Taking the data below, please print only the lines from the line holding "Heavy Duty 304" to the line holding "Jean bleu,Jean Coupe", inclusive, with pictures omitted.

- [Material supplied]:
-.-.-
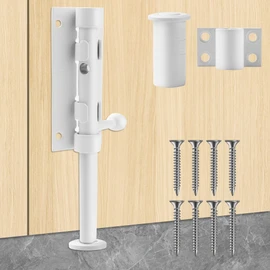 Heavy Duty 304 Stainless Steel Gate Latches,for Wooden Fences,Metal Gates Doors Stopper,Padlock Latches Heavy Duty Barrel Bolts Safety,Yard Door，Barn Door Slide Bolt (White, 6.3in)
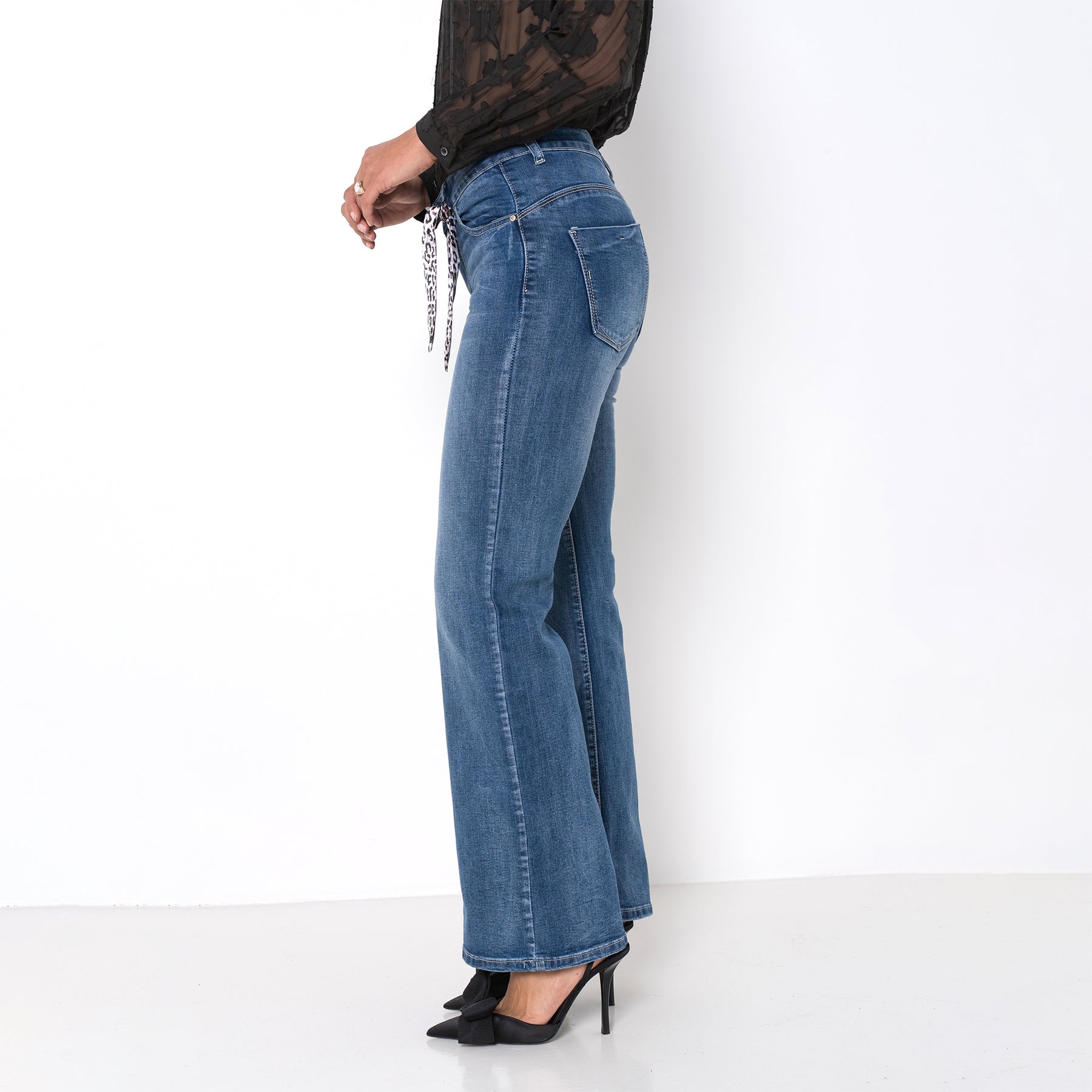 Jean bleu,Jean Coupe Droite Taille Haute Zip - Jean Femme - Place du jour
-.-.-
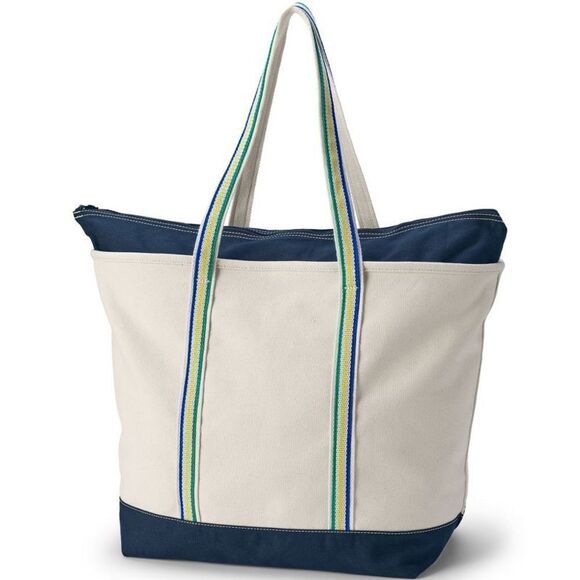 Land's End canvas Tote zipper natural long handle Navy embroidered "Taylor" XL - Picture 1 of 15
-.-.-
- [Answer to this task]:
 Heavy Duty 304 Stainless Steel Gate Latches,for Wooden Fences,Metal Gates Doors Stopper,Padlock Latches Heavy Duty Barrel Bolts Safety,Yard Door，Barn Door Slide Bolt (White, 6.3in)
 Jean bleu,Jean Coupe Droite Taille Haute Zip - Jean Femme - Place du jour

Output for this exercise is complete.